▸ **WHAT YOU SHOULD DO**:
Repeat the listing that follows without a single change.

▸ **DATA FOR THIS TASK**:
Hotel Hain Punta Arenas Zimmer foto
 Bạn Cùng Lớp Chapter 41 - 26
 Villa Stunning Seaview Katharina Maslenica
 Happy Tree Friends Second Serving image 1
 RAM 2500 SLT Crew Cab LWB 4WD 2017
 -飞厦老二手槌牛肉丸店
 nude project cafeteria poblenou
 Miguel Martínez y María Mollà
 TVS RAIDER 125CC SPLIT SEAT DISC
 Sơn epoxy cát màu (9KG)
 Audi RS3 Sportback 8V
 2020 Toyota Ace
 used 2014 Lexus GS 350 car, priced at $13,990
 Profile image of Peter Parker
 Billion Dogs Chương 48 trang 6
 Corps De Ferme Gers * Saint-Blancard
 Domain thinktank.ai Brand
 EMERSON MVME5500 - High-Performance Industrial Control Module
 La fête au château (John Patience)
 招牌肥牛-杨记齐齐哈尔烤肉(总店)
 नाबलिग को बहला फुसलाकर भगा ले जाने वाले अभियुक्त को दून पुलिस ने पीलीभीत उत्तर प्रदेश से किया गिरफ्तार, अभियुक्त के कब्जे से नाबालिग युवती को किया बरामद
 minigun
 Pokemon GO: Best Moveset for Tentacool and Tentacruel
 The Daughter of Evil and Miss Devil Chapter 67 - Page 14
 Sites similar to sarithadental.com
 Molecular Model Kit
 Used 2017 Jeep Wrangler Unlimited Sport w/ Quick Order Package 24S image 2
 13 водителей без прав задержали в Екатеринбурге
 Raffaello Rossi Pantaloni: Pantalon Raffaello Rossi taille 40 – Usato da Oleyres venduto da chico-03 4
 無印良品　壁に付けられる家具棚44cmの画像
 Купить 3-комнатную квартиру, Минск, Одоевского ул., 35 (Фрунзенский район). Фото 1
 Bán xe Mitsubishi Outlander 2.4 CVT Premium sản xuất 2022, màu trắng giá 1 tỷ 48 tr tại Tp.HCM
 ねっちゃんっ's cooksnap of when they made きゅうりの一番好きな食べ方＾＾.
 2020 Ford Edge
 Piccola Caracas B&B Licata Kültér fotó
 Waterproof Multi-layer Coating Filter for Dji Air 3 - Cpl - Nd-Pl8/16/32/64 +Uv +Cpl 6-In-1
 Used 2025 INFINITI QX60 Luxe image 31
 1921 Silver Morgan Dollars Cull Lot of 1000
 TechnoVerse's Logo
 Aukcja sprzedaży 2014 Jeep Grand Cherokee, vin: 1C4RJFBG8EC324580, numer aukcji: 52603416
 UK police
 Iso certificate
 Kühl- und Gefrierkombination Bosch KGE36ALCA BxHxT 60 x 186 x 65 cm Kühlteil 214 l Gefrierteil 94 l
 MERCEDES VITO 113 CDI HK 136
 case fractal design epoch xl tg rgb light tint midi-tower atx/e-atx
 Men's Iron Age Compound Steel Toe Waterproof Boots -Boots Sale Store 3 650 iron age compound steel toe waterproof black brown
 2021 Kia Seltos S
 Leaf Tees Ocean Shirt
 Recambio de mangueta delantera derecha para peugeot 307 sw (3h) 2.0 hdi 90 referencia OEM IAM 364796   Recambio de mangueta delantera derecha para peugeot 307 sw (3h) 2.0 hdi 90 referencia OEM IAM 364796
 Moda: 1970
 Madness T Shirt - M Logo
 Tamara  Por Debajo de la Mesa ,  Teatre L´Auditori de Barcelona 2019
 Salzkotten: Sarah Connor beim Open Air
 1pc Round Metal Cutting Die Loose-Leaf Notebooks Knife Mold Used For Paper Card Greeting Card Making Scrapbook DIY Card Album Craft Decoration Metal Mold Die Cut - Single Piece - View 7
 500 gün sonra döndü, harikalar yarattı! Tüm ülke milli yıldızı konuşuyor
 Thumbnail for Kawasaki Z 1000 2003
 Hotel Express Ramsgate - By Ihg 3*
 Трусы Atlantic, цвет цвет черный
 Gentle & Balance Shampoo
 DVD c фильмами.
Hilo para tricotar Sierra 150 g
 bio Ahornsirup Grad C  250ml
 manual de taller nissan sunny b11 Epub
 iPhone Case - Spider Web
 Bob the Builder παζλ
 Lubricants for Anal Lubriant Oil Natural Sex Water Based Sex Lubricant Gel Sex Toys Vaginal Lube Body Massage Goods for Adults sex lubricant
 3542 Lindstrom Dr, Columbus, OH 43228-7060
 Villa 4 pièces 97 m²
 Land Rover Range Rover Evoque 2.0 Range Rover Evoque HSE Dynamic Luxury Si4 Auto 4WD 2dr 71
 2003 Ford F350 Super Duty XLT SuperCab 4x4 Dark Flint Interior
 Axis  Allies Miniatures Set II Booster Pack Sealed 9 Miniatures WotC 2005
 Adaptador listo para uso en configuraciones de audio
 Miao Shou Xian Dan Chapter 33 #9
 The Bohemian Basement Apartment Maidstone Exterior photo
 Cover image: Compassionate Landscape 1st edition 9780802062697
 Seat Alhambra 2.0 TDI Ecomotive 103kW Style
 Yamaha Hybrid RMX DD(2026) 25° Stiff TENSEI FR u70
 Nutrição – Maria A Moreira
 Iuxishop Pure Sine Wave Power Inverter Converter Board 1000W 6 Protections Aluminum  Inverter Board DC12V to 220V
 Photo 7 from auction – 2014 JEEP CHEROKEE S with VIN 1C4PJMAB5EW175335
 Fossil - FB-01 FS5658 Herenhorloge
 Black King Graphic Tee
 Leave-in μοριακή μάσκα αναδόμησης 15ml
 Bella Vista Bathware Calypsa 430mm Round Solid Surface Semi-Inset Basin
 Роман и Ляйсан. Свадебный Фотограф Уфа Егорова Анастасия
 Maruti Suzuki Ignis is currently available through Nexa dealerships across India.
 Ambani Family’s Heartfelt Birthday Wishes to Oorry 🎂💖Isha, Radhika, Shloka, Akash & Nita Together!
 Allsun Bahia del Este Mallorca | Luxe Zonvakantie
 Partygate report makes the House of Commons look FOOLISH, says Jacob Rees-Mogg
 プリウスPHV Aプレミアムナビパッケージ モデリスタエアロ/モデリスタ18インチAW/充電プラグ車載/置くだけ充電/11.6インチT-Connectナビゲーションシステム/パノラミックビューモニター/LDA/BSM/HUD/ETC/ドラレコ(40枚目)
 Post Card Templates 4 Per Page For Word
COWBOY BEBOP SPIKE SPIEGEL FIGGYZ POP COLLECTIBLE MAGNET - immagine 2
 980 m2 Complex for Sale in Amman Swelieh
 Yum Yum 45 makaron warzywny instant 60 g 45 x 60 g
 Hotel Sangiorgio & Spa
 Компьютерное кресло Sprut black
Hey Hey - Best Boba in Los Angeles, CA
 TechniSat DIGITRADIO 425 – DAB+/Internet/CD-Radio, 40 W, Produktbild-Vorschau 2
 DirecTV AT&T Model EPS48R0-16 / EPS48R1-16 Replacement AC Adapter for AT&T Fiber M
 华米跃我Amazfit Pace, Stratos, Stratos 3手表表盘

▸ **SOLUTION TO THIS PROBLEM**:
Hotel Hain Punta Arenas Zimmer foto
 Bạn Cùng Lớp Chapter 41 - 26
 Villa Stunning Seaview Katharina Maslenica
 Happy Tree Friends Second Serving image 1
 RAM 2500 SLT Crew Cab LWB 4WD 2017
 -飞厦老二手槌牛肉丸店
 nude project cafeteria poblenou
 Miguel Martínez y María Mollà
 TVS RAIDER 125CC SPLIT SEAT DISC
 Sơn epoxy cát màu (9KG)
 Audi RS3 Sportback 8V
 2020 Toyota Ace
 used 2014 Lexus GS 350 car, priced at $13,990
 Profile image of Peter Parker
 Billion Dogs Chương 48 trang 6
 Corps De Ferme Gers * Saint-Blancard
 Domain thinktank.ai Brand
 EMERSON MVME5500 - High-Performance Industrial Control Module
 La fête au château (John Patience)
 招牌肥牛-杨记齐齐哈尔烤肉(总店)
 नाबलिग को बहला फुसलाकर भगा ले जाने वाले अभियुक्त को दून पुलिस ने पीलीभीत उत्तर प्रदेश से किया गिरफ्तार, अभियुक्त के कब्जे से नाबालिग युवती को किया बरामद
 minigun
 Pokemon GO: Best Moveset for Tentacool and Tentacruel
 The Daughter of Evil and Miss Devil Chapter 67 - Page 14
 Sites similar to sarithadental.com
 Molecular Model Kit
 Used 2017 Jeep Wrangler Unlimited Sport w/ Quick Order Package 24S image 2
 13 водителей без прав задержали в Екатеринбурге
 Raffaello Rossi Pantaloni: Pantalon Raffaello Rossi taille 40 – Usato da Oleyres venduto da chico-03 4
 無印良品　壁に付けられる家具棚44cmの画像
 Купить 3-комнатную квартиру, Минск, Одоевского ул., 35 (Фрунзенский район). Фото 1
 Bán xe Mitsubishi Outlander 2.4 CVT Premium sản xuất 2022, màu trắng giá 1 tỷ 48 tr tại Tp.HCM
 ねっちゃんっ's cooksnap of when they made きゅうりの一番好きな食べ方＾＾.
 2020 Ford Edge
 Piccola Caracas B&B Licata Kültér fotó
 Waterproof Multi-layer Coating Filter for Dji Air 3 - Cpl - Nd-Pl8/16/32/64 +Uv +Cpl 6-In-1
 Used 2025 INFINITI QX60 Luxe image 31
 1921 Silver Morgan Dollars Cull Lot of 1000
 TechnoVerse's Logo
 Aukcja sprzedaży 2014 Jeep Grand Cherokee, vin: 1C4RJFBG8EC324580, numer aukcji: 52603416
 UK police
 Iso certificate
 Kühl- und Gefrierkombination Bosch KGE36ALCA BxHxT 60 x 186 x 65 cm Kühlteil 214 l Gefrierteil 94 l
 MERCEDES VITO 113 CDI HK 136
 case fractal design epoch xl tg rgb light tint midi-tower atx/e-atx
 Men's Iron Age Compound Steel Toe Waterproof Boots -Boots Sale Store 3 650 iron age compound steel toe waterproof black brown
 2021 Kia Seltos S
 Leaf Tees Ocean Shirt
 Recambio de mangueta delantera derecha para peugeot 307 sw (3h) 2.0 hdi 90 referencia OEM IAM 364796   Recambio de mangueta delantera derecha para peugeot 307 sw (3h) 2.0 hdi 90 referencia OEM IAM 364796
 Moda: 1970
 Madness T Shirt - M Logo
 Tamara  Por Debajo de la Mesa ,  Teatre L´Auditori de Barcelona 2019
 Salzkotten: Sarah Connor beim Open Air
 1pc Round Metal Cutting Die Loose-Leaf Notebooks Knife Mold Used For Paper Card Greeting Card Making Scrapbook DIY Card Album Craft Decoration Metal Mold Die Cut - Single Piece - View 7
 500 gün sonra döndü, harikalar yarattı! Tüm ülke milli yıldızı konuşuyor
 Thumbnail for Kawasaki Z 1000 2003
 Hotel Express Ramsgate - By Ihg 3*
 Трусы Atlantic, цвет цвет черный
 Gentle & Balance Shampoo
 DVD c фильмами.
Hilo para tricotar Sierra 150 g
 bio Ahornsirup Grad C  250ml
 manual de taller nissan sunny b11 Epub
 iPhone Case - Spider Web
 Bob the Builder παζλ
 Lubricants for Anal Lubriant Oil Natural Sex Water Based Sex Lubricant Gel Sex Toys Vaginal Lube Body Massage Goods for Adults sex lubricant
 3542 Lindstrom Dr, Columbus, OH 43228-7060
 Villa 4 pièces 97 m²
 Land Rover Range Rover Evoque 2.0 Range Rover Evoque HSE Dynamic Luxury Si4 Auto 4WD 2dr 71
 2003 Ford F350 Super Duty XLT SuperCab 4x4 Dark Flint Interior
 Axis  Allies Miniatures Set II Booster Pack Sealed 9 Miniatures WotC 2005
 Adaptador listo para uso en configuraciones de audio
 Miao Shou Xian Dan Chapter 33 #9
 The Bohemian Basement Apartment Maidstone Exterior photo
 Cover image: Compassionate Landscape 1st edition 9780802062697
 Seat Alhambra 2.0 TDI Ecomotive 103kW Style
 Yamaha Hybrid RMX DD(2026) 25° Stiff TENSEI FR u70
 Nutrição – Maria A Moreira
 Iuxishop Pure Sine Wave Power Inverter Converter Board 1000W 6 Protections Aluminum  Inverter Board DC12V to 220V
 Photo 7 from auction – 2014 JEEP CHEROKEE S with VIN 1C4PJMAB5EW175335
 Fossil - FB-01 FS5658 Herenhorloge
 Black King Graphic Tee
 Leave-in μοριακή μάσκα αναδόμησης 15ml
 Bella Vista Bathware Calypsa 430mm Round Solid Surface Semi-Inset Basin
 Роман и Ляйсан. Свадебный Фотограф Уфа Егорова Анастасия
 Maruti Suzuki Ignis is currently available through Nexa dealerships across India.
 Ambani Family’s Heartfelt Birthday Wishes to Oorry 🎂💖Isha, Radhika, Shloka, Akash & Nita Together!
 Allsun Bahia del Este Mallorca | Luxe Zonvakantie
 Partygate report makes the House of Commons look FOOLISH, says Jacob Rees-Mogg
 プリウスPHV Aプレミアムナビパッケージ モデリスタエアロ/モデリスタ18インチAW/充電プラグ車載/置くだけ充電/11.6インチT-Connectナビゲーションシステム/パノラミックビューモニター/LDA/BSM/HUD/ETC/ドラレコ(40枚目)
 Post Card Templates 4 Per Page For Word
COWBOY BEBOP SPIKE SPIEGEL FIGGYZ POP COLLECTIBLE MAGNET - immagine 2
 980 m2 Complex for Sale in Amman Swelieh
 Yum Yum 45 makaron warzywny instant 60 g 45 x 60 g
 Hotel Sangiorgio & Spa
 Компьютерное кресло Sprut black
Hey Hey - Best Boba in Los Angeles, CA
 TechniSat DIGITRADIO 425 – DAB+/Internet/CD-Radio, 40 W, Produktbild-Vorschau 2
 DirecTV AT&T Model EPS48R0-16 / EPS48R1-16 Replacement AC Adapter for AT&T Fiber M
 华米跃我Amazfit Pace, Stratos, Stratos 3手表表盘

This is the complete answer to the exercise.